Predicting malignant nodules by fusing deep features with classical radiomics features

Lung cancer has a high incidence and mortality rate. Early detection and diagnosis of lung cancers is best achieved with low-dose computed tomography (CT). Classical radiomics features extracted from lung CT images have been shown as able to predict cancer incidence and prognosis. With the advancement of deep learning and convolutional neural networks (CNNs), deep features can be identified to analyze lung CTs for prognosis prediction and diagnosis. Due to a limited number of available images in the medical field, the transfer learning concept can be helpful. Using subsets of participants from the National Lung Screening Trial (NLST), we utilized a transfer learning approach to differentiate lung cancer nodules versus positive controls.

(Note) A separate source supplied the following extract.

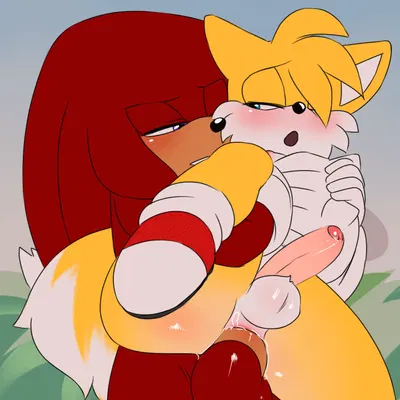 knuckles the echidna, miles prower (sega, sonic the hedgehog (series)) created by krazyelf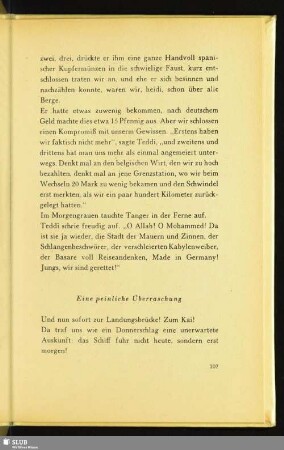 Eine peinliche Überraschung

We experimented with three different pretrained CNNs for extracting deep features and used five different classifiers. Experiments were also conducted with deep features from different color channels of a pretrained CNN. Selected deep features were combined with radiomics features. A CNN was designed and trained. Combinations of features from pretrained, CNNs trained on NLST data, and classical radiomics were used to build classifiers. The best accuracy (76.79%) was obtained using feature combinations. An area under the receiver operating characteristic curve of 0.87 was obtained using a CNN trained on an augmented NLST data cohort.